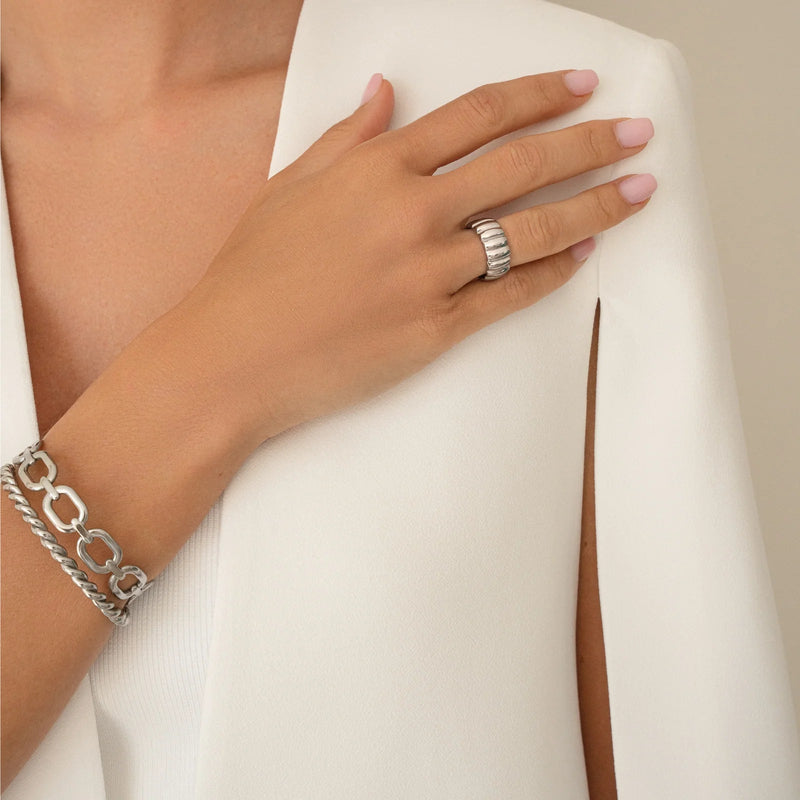 Bracelet jonc ouvert à maille marine, en acier inoxydable, pour femme, modèle Olicia - La Boutique du Bracelet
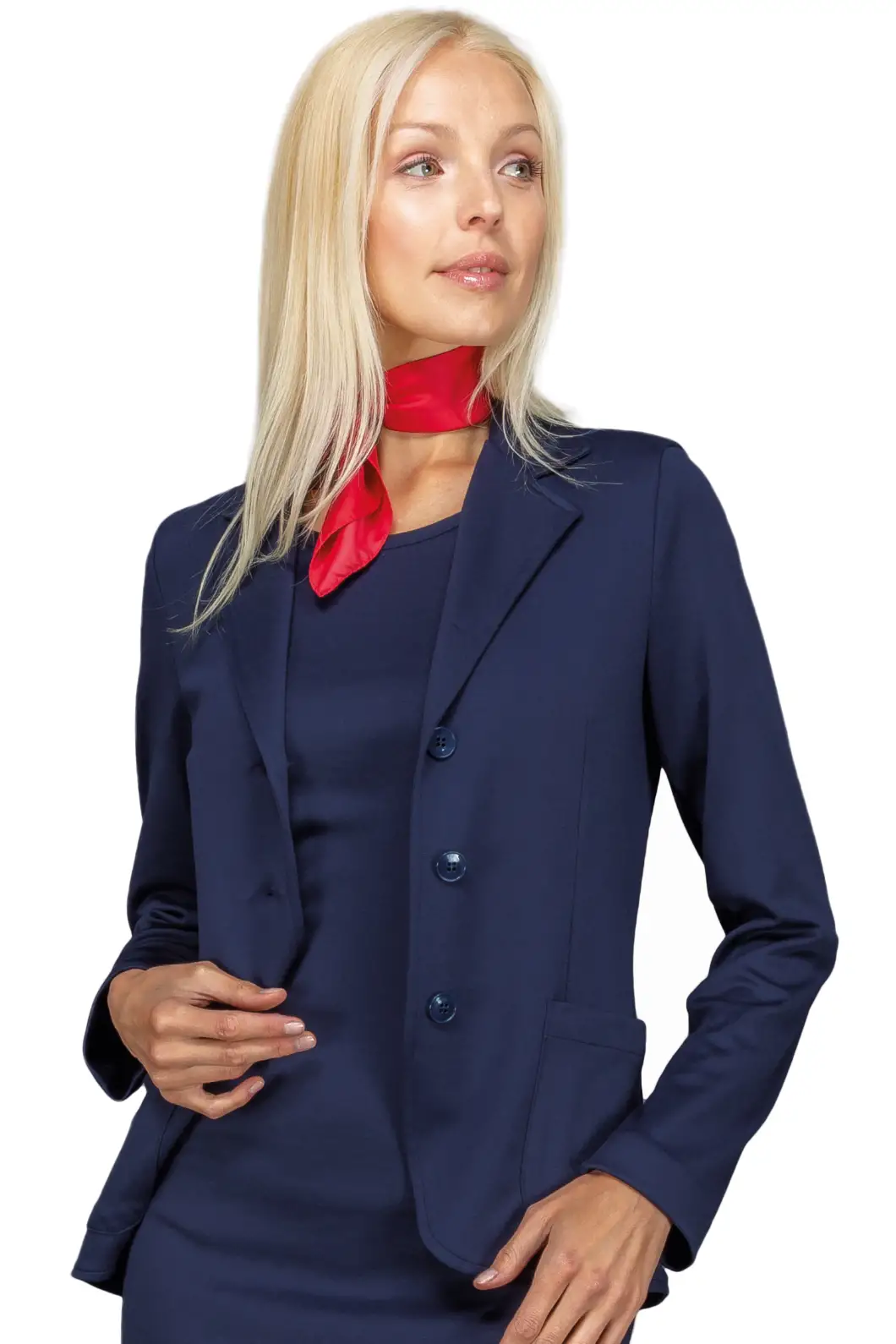 Giacca Donna Jersey Blu per Promoter, Hostes, Cameriere Personalizzata - Isacco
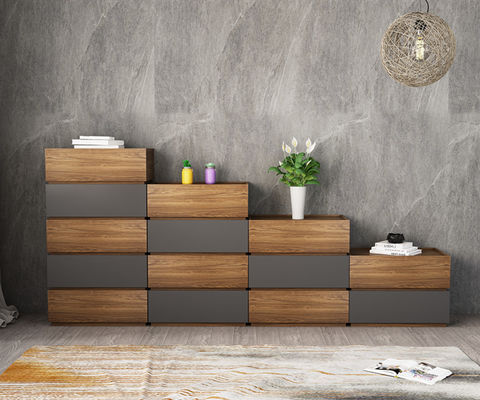 Grey Wood Storage Cabinets Chest de los muebles de madera de la melamina de la sala de estar del cajón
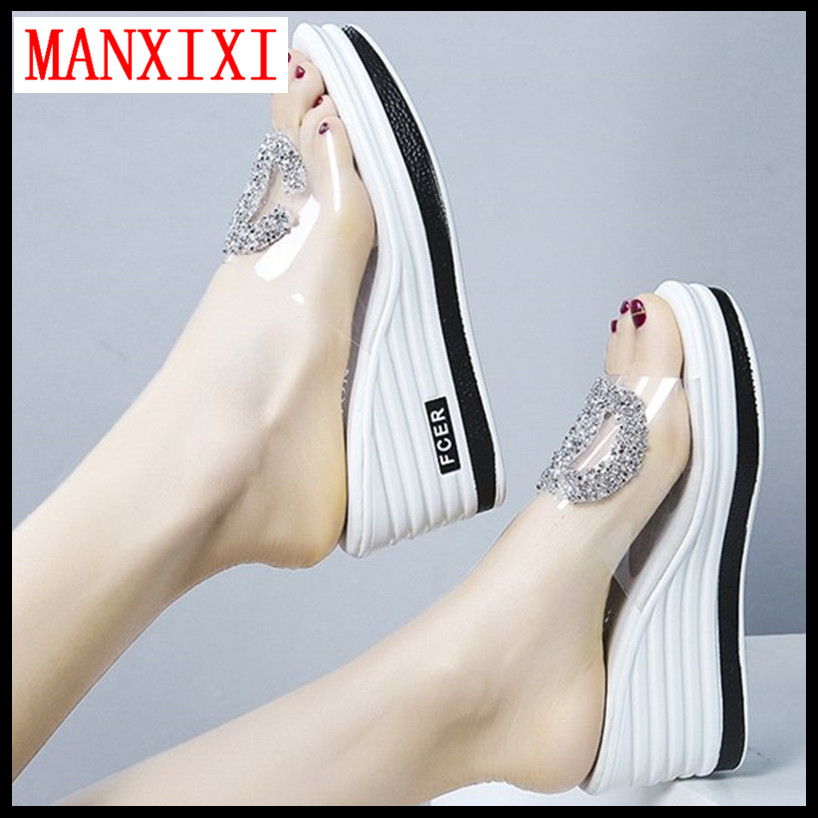 MANXIXI Brand Fashion Thick Bottom Wedge Slippers 3.15 Inches Beautiful Sandals For Women (Size 35-40)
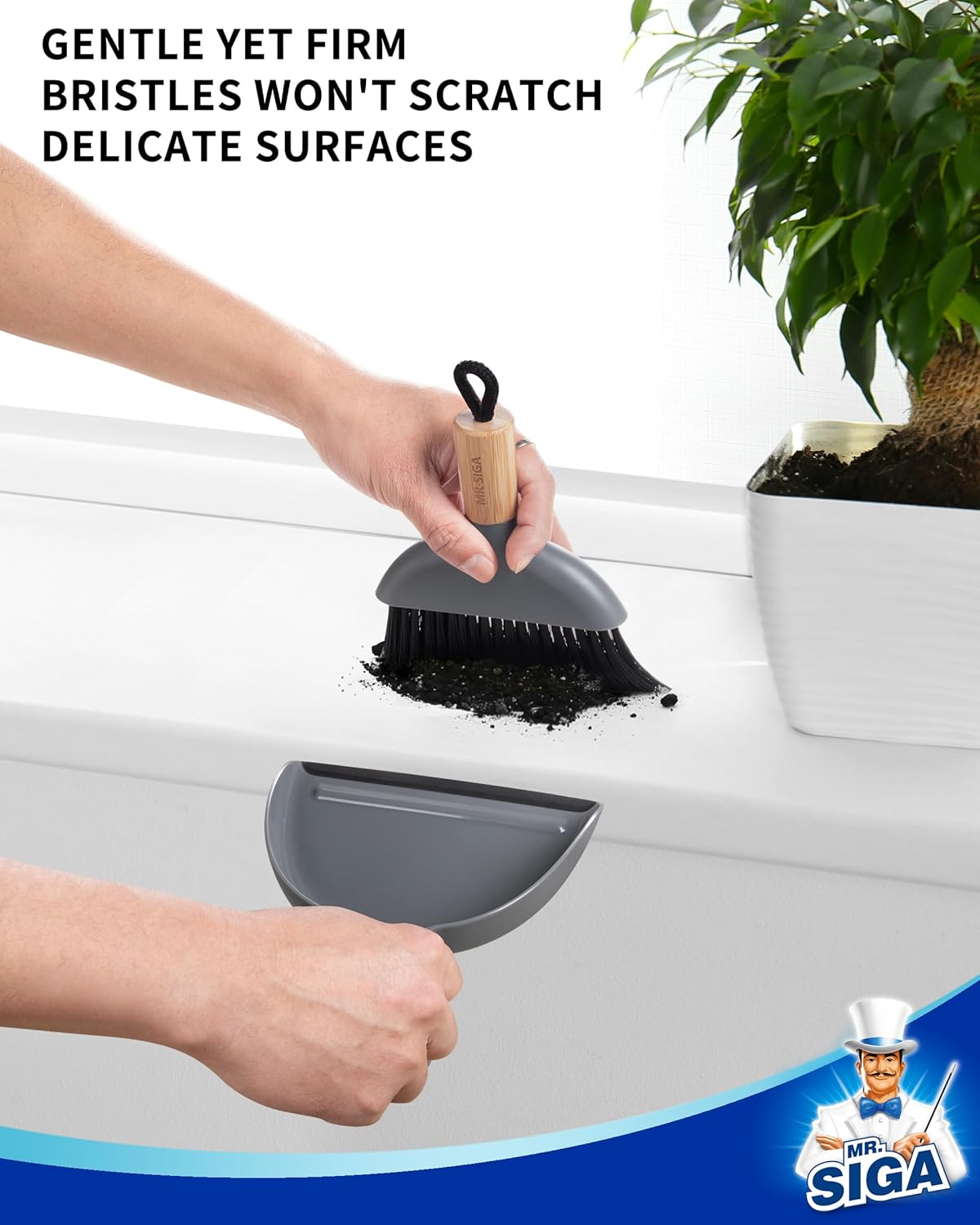 MR.SIGA Mini Dustpan and Brush Set, Portable Cleaning Brush and Dustpan Combo with Bamboo Handle, Black, 1 Set
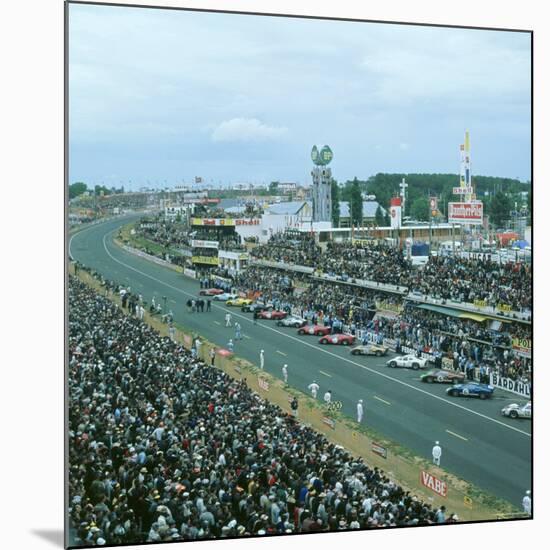 Start of the 1966 Le Mans 24 hours race-null-Mounted Photographic Print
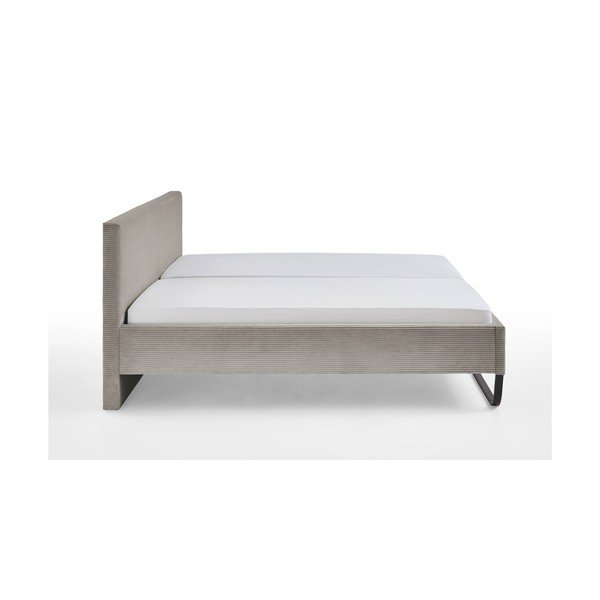 Pat matrimonial gri/maro tapițat fără somieră 180x200 cm Swing – Meise Möbel-image-3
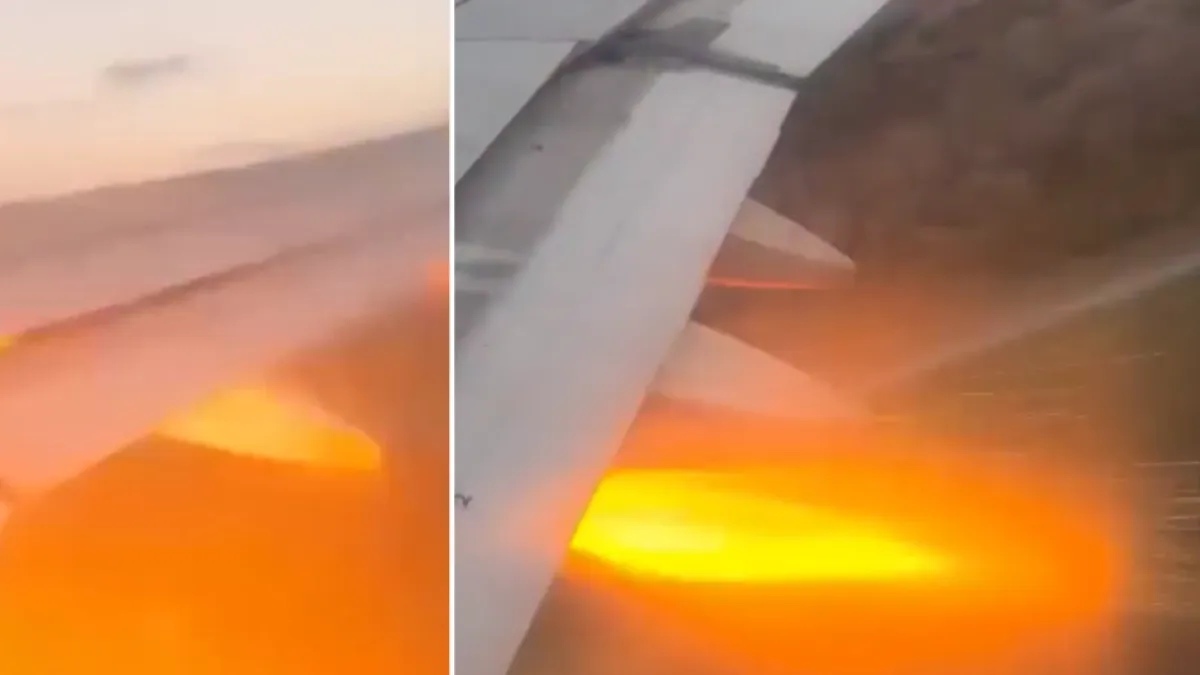 Video: el dramático momento en que un avión tuvo que regresar al aeropuerto de Montevideo tras lanzar llamas desde uno de sus motores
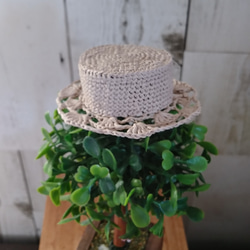 ぽんちょ様専用　頭囲34.5cm&36cmドール用　リボン無しカンカン帽子　2点セット 3枚目の画像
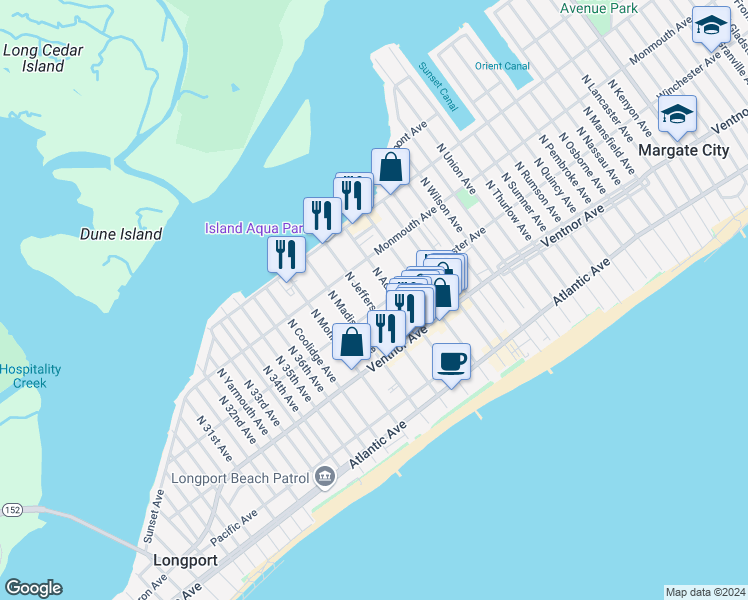 map of restaurants, bars, coffee shops, grocery stores, and more near 9505 Winchester Avenue in Margate City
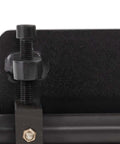 Close-up of bolt on bead roller machine frame for sheet metal fabrication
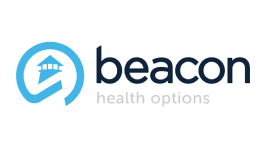 Beacon Health Options logo featuring a blue circular emblem with a lighthouse inside, followed by the words “beacon” in bold dark text and “health options” in light gray text below.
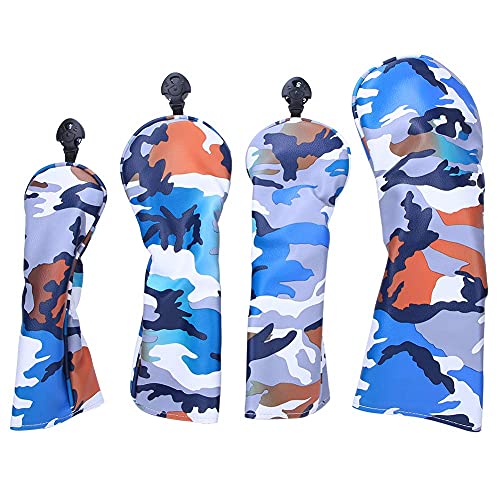 4PCS PU���U�[���ʃS���t�p�^�[�w�b�h�J�o�[�i�������n�t���j�A�ؐ��w�b�h�J�o�[�p�A�N�Z�T���[�A�J�E�ق��肩��ی�i�J���t���[�W���u���[�j [���s�A���i]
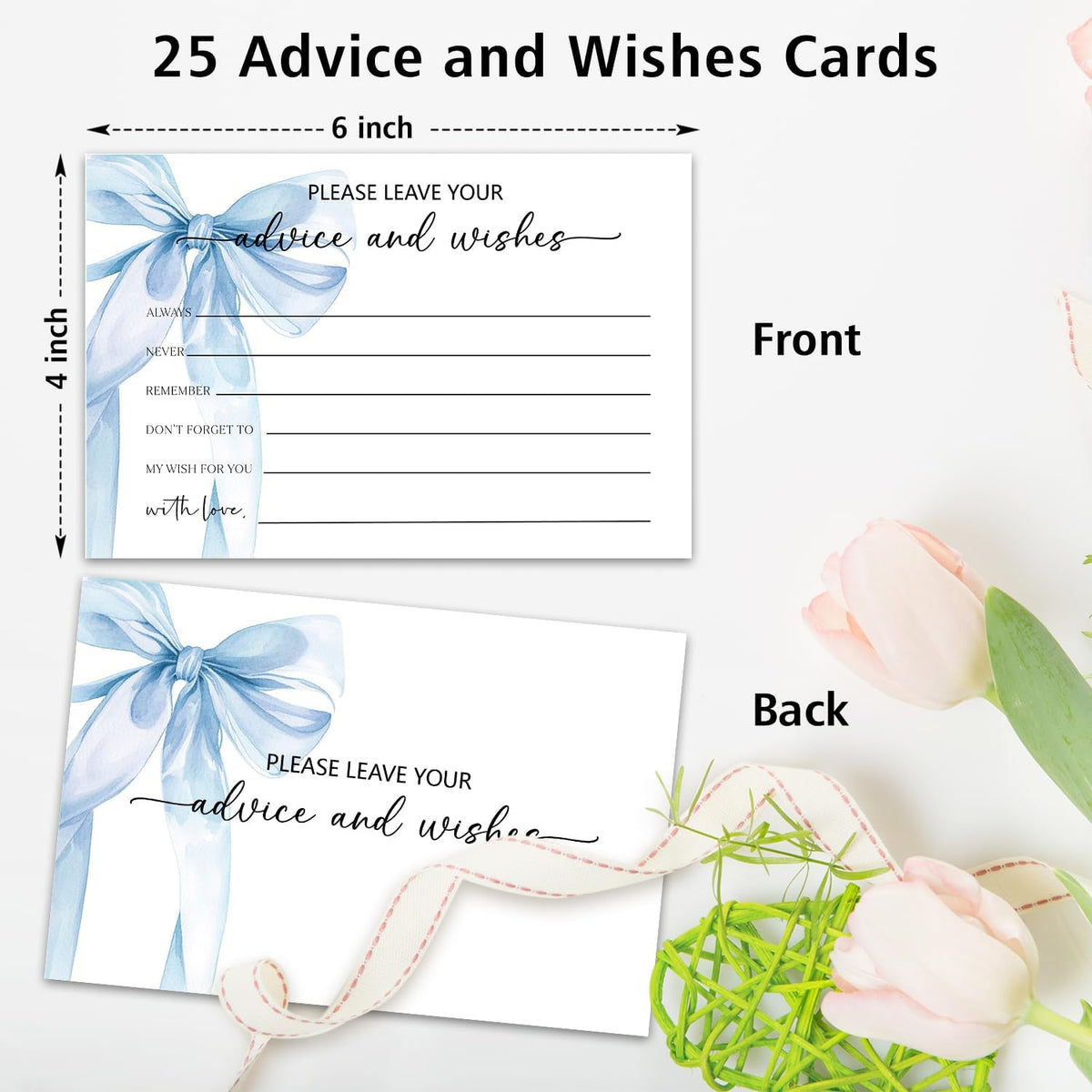 Blue Bow Advice and Wishes Card, Advice Cards for The Bride and Groom, Bridal Shower,Wedding or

--------------------

What is expected :: Word for word, write out the whole listing, keeping none of the pictures.

Solution to this problem ::
 Bracelet jonc ouvert à maille marine, en acier inoxydable, pour femme, modèle Olicia - La Boutique du Bracelet
 Giacca Donna Jersey Blu per Promoter, Hostes, Cameriere Personalizzata - Isacco
 Grey Wood Storage Cabinets Chest de los muebles de madera de la melamina de la sala de estar del cajón
 MANXIXI Brand Fashion Thick Bottom Wedge Slippers 3.15 Inches Beautiful Sandals For Women (Size 35-40)
 MR.SIGA Mini Dustpan and Brush Set, Portable Cleaning Brush and Dustpan Combo with Bamboo Handle, Black, 1 Set
 Start of the 1966 Le Mans 24 hours race-null-Mounted Photographic Print
 Pat matrimonial gri/maro tapițat fără somieră 180x200 cm Swing – Meise Möbel-image-3
 Video: el dramático momento en que un avión tuvo que regresar al aeropuerto de Montevideo tras lanzar llamas desde uno de sus motores
 ぽんちょ様専用　頭囲34.5cm&36cmドール用　リボン無しカンカン帽子　2点セット 3枚目の画像
 map of restaurants, bars, coffee shops, grocery stores, and more near 9505 Winchester Avenue in Margate City
 Close-up of bolt on bead roller machine frame for sheet metal fabrication
 Beacon Health Options logo featuring a blue circular emblem with a lighthouse inside, followed by the words “beacon” in bold dark text and “health options” in light gray text below.
 4PCS PU���U�[���ʃS���t�p�^�[�w�b�h�J�o�[�i�������n�t���j�A�ؐ��w�b�h�J�o�[�p�A�N�Z�T���[�A�J�E�ق��肩��ی�i�J���t���[�W���u���[�j [���s�A���i]
 Blue Bow Advice and Wishes Card, Advice Cards for The Bride and Groom, Bridal Shower,Wedding or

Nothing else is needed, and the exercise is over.